Annotated photo localization data:
————————

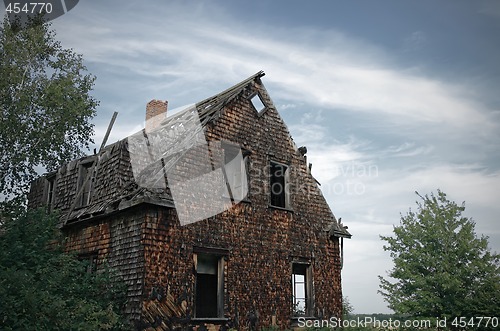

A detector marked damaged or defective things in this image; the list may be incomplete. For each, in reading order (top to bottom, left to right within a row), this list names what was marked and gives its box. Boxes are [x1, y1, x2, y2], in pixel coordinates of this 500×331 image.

broken window [249, 93, 266, 114]
broken window [77, 161, 94, 208]
broken window [225, 143, 250, 202]
broken window [270, 162, 290, 209]
broken window [194, 254, 224, 320]
broken window [292, 264, 312, 316]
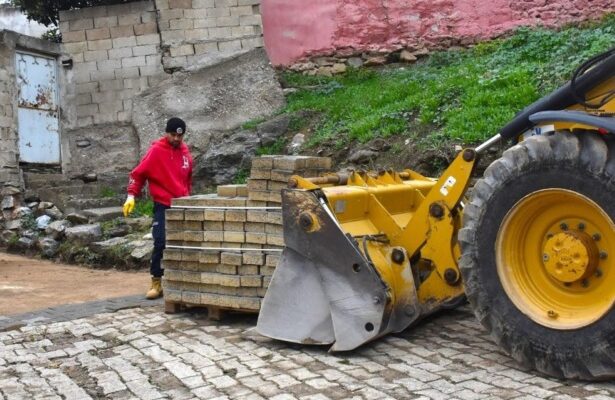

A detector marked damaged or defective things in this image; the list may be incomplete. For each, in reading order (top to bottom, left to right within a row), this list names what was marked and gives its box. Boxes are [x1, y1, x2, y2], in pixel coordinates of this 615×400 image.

rusty metal gate [15, 50, 60, 163]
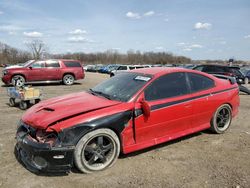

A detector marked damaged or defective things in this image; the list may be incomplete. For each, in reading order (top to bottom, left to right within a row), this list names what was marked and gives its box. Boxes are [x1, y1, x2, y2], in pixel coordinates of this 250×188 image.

damaged front end [15, 121, 74, 174]
crumpled bumper [15, 128, 74, 173]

————————

Copy every record exactly; no pictures.

A detector marked damaged or defective things in this image; the list may be incomplete. For each, in reading order (top to bottom, left to right within a row), this list names what was marked and gives its box. Boxes are [x1, y1, x2, y2], in pixel coordinates of this 500×331 image.

broken window [249, 93, 266, 114]
broken window [77, 161, 94, 208]
broken window [225, 143, 250, 202]
broken window [270, 162, 290, 209]
broken window [194, 254, 224, 320]
broken window [292, 264, 312, 316]

A detector marked damaged or defective things in this image; the list may be incomplete. For each, in reading order (top to bottom, left to right within a row), this list names what was marked and gives its box. Boxes are [x1, y1, x2, y2], in pixel coordinates of this 615×400 image.

rusty metal gate [15, 50, 60, 163]

A detector marked damaged or defective things in this image; the list may be incomplete. For each, in reading order (top to bottom, left to right within a row), this list names what was marked and gives its box. Boxes are [x1, y1, x2, y2], in pixel coordinates of this 250×188 image.

damaged front end [15, 121, 74, 174]
crumpled bumper [15, 128, 74, 173]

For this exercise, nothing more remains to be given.